Re: group locking: incomplete patch, just for discussion

From: Andres Freund <andres(at)2ndquadrant(dot)com>
To: Robert Haas <robertmhaas(at)gmail(dot)com>
Cc: Jeff Davis <pgsql(at)j-davis(dot)com>, Simon Riggs <simon(at)2ndquadrant(dot)com>, Amit Kapila <amit(dot)kapila16(at)gmail(dot)com>, Tom Lane <tgl(at)sss(dot)pgh(dot)pa(dot)us>, "pgsql-hackers(at)postgresql(dot)org" <pgsql-hackers(at)postgresql(dot)org>
Subject: Re: group locking: incomplete patch, just for discussion
Date: 2014-11-23 23:59:24
Views: Raw Message | Whole Thread | Download mbox | Resend email
Lists: pgsql-hackers

On 2014-11-21 08:31:01 -0500, Robert Haas wrote:
> On Thu, Nov 20, 2014 at 8:31 PM, Andres Freund <andres(at)2ndquadrant(dot)com> wrote:
> >> I can't follow that logic. Why do you think self-exclusive locks are
> >> the only ones that matter?
> >
> > All the others can be acquired by jumping in front of the lock's
> > waitqueue?
> That's is true, as a practical matter, in many cases. But from the
> point of view of the lock manager, it's really not true. It is almost
> true if you assume that the lock level acquired by the parallel
> backend will be weaker than the lock level held by the user backed,
> but not quite, because RowExclusiveLock conflicts with ShareLock.
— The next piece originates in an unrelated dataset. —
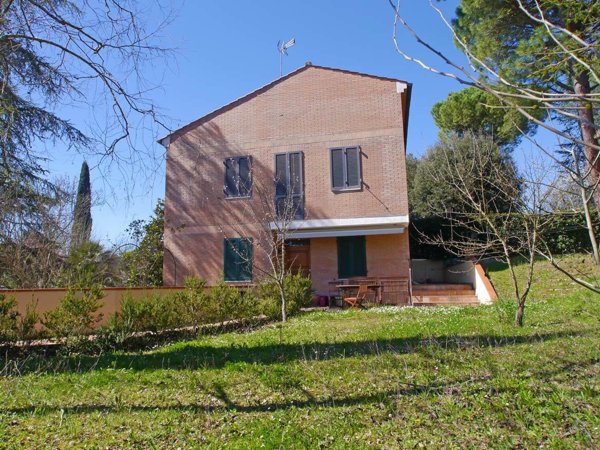 casa indipendente in vendita a Prato in zona Castelnuovo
The assumption that a parallel backend will accquire a locklevel <= the
worker's lock imo is a pretty sane one - we obviously can't predict
things if not. And I don't think any of the other presented approaches
can do that.

I'm not really bothered by RowExclusiveLock vs. ShareLock. Unless I miss
something that can only be problematic if the primary acquires a
ShareLock and the worker tries a RowExclusive. That just can't be sane.
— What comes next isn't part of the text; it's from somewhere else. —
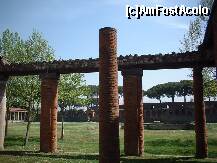 [P07] Coloanele unei foste vile romane ce marginesc si o curte interioara cu gazon » foto by dorgo
 - 
<span class="allrVoted glyphicon glyphicon-heart hidden" id="av260444"></span>
<a class="m-l-10 hidden" id="sv260444" onclick="voting_Foto_DelVot(,260444,3976)" role="button">șterge vot <span class="glyphicon glyphicon-remove"></span></a>
<a id="v9260444" class=" c-red"  onclick="voting_Foto_SetVot(260444)" role="button"><span class="glyphicon glyphicon-heart-empty"></span> <b>LIKE</b> = Votează poza</a> <img class="hidden"  id="f260444W9" src="/imagini/loader.gif" border="0" /><span class="AjErrMes hidden" id="e260444ErM"></span>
> The assumption that the parallel backend's lock level will always be
> weaker seems shaky. It's probably true for relation locks, but if we
> ever want to support parallel workers that can write any data
> whatsoever, they're going to need to be able to take relation
> extension locks.

I don't think extension locks are a good argument here. As you noted
upthread, they really need to be used consistenly across processes. And
they shouldn't/wouldn't be granted by your suggested mechanism either,

> If one backend in a parallel group attempts to
> acquire the relation extension lock while another worker holds it, the
> rule that all group members should be regarded as waiting for each
> other will result in instantaneous deadlock. That's pretty
> undesirable, and suggests to me that the whole model is defective in
> some way.

Shouldn't the deadlock checker actually check that all involved
processes are actually waiting for a lock? It seems a bit pointless to
deadlock when one node is actually progressing. That seems like it'd be
an absolute PITA for anything involving system tables and such.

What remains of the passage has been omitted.